Chruščevs einseitige Betonung der Bedeutung von Kern- und Raketenwaffen stiess bei den meisten sowjetischen Militärs auf Ablehnung. Sie waren weiterhin der Meinung, dass auch in einem Nuklearkrieg grosse Truppenmassen und konventionelle Waffen nötig und zumindest mitentscheidend seien. Der Widerstand der Militärs führte 1961 zu einer teilweisen Modifizierung der von Chruščev im Jahr zuvor gemachten Aussagen. Verteidigungsminister Malinovskij ergänzte den zentralen Leitsatz, dass die entscheidende Funktion in einem künftigen Krieg den strategischen Nuklearraketen zukomme, um die Anmerkungen, der endgültige Sieg über den Gegner könne nur durch gemeinsame Operationen aller Waffengattungen erreicht werden und es würden mehrere Millionen Mann starke Armeen benötigt. Diese Kompromissformel stellte nun die offizielle sowjetische Auffassung dar und wurde dementsprechend auch im 1962 erstmals erschienenen Standardwerk «Militär-Strategie» verwendet. Die in der «Militär-Strategie» bezüglich der kriegsentscheidenden Faktoren gemachten Ausführungen waren allerdings zum Teil widersprüchlich oder zumindest ambivalent,215 was darauf hindeutet, dass dieses Thema keineswegs abschliessend geregelt war und nach wie vor unterschiedliche Standpunkte dazu bestanden.
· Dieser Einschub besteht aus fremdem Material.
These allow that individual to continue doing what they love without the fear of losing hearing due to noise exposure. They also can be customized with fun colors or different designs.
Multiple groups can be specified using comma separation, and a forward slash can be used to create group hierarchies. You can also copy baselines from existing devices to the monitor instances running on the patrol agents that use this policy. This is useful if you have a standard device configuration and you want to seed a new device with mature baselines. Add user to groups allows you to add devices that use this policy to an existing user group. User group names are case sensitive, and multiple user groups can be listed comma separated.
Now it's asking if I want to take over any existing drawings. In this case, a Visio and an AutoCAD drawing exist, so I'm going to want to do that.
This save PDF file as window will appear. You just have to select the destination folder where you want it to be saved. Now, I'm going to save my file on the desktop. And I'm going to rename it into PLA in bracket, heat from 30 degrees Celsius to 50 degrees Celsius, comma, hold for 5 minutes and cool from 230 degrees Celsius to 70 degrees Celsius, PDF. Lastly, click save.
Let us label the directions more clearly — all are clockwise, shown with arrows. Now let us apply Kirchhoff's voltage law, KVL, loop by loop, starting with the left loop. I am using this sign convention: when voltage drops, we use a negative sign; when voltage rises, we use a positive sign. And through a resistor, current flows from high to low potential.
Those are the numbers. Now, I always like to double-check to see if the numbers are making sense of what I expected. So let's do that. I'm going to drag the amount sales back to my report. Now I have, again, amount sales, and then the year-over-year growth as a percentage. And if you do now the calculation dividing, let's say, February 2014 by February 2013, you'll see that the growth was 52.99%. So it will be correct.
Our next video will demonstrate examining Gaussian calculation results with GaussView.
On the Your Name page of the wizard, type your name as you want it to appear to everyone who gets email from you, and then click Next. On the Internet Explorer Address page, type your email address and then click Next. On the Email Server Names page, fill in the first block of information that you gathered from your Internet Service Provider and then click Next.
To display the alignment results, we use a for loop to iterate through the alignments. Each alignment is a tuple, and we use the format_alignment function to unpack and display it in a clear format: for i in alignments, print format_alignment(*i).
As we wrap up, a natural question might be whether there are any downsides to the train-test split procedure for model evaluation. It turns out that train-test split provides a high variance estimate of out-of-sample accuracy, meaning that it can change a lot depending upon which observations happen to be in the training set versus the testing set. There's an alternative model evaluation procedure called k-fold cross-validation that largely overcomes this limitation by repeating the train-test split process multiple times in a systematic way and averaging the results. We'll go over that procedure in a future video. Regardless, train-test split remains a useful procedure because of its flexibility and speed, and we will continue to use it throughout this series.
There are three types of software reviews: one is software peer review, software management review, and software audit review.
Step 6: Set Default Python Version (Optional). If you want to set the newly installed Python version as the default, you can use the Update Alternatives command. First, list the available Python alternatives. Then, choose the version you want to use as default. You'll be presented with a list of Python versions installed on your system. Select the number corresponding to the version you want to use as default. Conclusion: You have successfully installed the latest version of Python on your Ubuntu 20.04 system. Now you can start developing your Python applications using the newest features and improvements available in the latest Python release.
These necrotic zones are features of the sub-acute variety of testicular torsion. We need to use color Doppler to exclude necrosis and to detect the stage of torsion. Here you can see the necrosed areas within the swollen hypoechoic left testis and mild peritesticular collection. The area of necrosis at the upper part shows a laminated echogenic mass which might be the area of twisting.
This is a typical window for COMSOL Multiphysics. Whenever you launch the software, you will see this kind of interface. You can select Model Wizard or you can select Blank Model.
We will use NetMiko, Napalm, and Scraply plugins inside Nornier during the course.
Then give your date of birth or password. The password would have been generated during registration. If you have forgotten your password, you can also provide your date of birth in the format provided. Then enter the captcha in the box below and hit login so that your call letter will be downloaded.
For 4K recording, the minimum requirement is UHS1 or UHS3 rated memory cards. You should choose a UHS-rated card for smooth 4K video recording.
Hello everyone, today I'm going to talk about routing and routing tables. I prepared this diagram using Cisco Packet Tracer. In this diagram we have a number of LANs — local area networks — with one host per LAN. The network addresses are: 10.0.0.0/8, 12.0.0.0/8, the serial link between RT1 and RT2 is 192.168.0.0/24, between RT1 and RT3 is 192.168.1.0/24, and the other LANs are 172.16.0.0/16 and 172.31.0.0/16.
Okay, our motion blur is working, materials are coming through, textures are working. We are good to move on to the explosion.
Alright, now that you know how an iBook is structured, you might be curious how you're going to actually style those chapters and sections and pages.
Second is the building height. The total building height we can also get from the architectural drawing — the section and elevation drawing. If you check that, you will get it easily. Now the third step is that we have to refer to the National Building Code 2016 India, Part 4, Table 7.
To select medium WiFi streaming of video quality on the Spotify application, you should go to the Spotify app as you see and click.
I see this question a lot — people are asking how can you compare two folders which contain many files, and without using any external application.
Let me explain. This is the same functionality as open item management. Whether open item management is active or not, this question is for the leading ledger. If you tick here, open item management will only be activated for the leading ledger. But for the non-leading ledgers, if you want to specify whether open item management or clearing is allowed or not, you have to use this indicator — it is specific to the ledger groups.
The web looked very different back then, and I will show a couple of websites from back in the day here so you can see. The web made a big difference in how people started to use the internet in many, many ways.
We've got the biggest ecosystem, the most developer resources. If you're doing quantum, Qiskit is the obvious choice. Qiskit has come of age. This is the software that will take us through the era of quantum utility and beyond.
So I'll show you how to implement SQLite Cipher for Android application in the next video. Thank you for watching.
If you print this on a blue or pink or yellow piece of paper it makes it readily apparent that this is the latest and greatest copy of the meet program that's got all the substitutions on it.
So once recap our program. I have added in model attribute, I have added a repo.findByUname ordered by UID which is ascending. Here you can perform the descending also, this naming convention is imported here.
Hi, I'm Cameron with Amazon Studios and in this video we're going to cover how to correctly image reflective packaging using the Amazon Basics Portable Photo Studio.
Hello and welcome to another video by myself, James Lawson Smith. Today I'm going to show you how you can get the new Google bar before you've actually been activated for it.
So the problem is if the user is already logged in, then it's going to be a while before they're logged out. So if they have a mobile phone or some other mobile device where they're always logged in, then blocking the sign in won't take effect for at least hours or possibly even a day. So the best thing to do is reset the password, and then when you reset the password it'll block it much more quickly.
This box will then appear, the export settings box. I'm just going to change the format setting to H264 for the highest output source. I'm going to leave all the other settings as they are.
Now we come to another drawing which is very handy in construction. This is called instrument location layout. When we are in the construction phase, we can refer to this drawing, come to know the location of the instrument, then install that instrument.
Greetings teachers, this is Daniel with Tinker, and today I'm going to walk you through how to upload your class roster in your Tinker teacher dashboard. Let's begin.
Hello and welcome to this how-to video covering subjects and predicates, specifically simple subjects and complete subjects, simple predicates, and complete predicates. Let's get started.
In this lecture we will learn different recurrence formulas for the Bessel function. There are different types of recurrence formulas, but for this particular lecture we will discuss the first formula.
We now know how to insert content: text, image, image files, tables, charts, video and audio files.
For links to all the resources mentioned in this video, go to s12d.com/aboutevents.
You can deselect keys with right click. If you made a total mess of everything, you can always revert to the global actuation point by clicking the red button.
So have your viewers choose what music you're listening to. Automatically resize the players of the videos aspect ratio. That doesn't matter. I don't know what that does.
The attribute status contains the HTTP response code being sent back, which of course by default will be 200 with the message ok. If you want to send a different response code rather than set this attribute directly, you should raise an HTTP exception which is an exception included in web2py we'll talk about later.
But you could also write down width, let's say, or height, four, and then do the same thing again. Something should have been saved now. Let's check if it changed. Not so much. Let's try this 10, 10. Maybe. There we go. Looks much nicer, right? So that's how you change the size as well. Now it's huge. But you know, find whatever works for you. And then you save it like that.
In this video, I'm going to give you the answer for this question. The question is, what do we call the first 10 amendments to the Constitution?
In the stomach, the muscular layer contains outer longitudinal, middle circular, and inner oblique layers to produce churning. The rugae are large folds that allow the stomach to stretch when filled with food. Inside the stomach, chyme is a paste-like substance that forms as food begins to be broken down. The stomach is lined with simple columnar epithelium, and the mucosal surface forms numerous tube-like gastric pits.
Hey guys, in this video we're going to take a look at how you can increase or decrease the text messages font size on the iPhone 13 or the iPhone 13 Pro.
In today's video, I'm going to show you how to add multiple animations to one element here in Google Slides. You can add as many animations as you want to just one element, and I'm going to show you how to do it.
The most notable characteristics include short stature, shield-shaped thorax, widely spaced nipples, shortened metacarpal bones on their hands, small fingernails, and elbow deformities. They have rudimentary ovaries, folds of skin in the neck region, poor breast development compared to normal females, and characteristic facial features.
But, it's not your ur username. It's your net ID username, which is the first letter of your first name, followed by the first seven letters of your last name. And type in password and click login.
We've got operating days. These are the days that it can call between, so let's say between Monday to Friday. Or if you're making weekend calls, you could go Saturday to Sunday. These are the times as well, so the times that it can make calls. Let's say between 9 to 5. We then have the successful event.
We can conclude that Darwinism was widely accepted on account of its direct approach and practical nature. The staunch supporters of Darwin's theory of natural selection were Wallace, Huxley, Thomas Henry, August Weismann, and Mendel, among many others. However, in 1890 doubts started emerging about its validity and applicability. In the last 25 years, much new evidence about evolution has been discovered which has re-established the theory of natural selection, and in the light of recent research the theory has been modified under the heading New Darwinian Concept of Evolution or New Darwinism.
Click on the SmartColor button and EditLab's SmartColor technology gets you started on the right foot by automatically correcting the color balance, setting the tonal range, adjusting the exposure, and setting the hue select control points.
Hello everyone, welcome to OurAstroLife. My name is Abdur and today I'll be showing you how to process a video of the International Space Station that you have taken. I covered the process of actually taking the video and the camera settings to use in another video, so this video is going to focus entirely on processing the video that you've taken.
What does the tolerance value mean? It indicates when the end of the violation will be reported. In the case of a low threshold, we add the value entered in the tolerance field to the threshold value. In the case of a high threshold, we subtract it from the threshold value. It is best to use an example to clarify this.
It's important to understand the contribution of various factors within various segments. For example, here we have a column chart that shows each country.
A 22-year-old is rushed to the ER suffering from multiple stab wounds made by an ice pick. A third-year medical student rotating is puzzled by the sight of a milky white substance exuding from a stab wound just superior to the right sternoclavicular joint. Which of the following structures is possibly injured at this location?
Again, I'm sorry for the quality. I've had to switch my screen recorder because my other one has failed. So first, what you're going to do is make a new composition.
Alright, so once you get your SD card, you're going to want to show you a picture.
(9) Das Ausmass beziehungsweise die Form der Austragung eines Kriegs wurde Chruščevs Ansicht nach durch die politischen Ziele der Kriegsparteien bestimmt – so wie es Lenin auf der Grundlage von Clausewitz postuliert hatte.216 In Bezug auf den Krieg zwischen zwei antagonistischen Klassen galt unter Chruščev weiterhin der Leitsatz, das Ziel jeder der beiden Klassen bestehe nicht nur in der Besiegung des Gegners, sondern in dessen Vernichtung. Ein solcher Krieg stelle für beide Seiten also einen Kampf um die eigene Existenz dar, und dementsprechend würden sie alle ihnen zur Verfügung stehenden Mittel einsetzen, um den Krieg zu gewinnen beziehungsweise um ihren Untergang zu verhindern. Mit anderen Worten: Ein solcher Krieg sei ein «unbegrenzter Krieg». Komme es zu einem Krieg zwischen den kapitalistischen USA und der kommunistischen UdSSR, so sei dies «die höchste Form des Klassenkampfes», denn die beiden Kriegsparteien verfolgten darin «die entscheidendsten aller Ziele», nämlich – die USA – die Zerstörung des kommunistischen Gesellschaftssystems der östlichen Welt sowie – die Sowjetunion – die Zerstörung des kapitalistischen Gesellschaftssystems der westlichen Welt. Um ihr jeweiliges Ziel zu erreichen, würden sowohl die Amerikaner als auch die Sowjets zwangsläufig ihre mächtigsten Waffen zum Einsatz bringen. Während der Herrschaft Chruščevs waren dies die strategischen Nuklearraketen. Chruščev war dementsprechend der Überzeugung, dass jeder Krieg, in welchen die USA und die UdSSR involviert waren, mit strategischen Nuklearwaffen geführt werde.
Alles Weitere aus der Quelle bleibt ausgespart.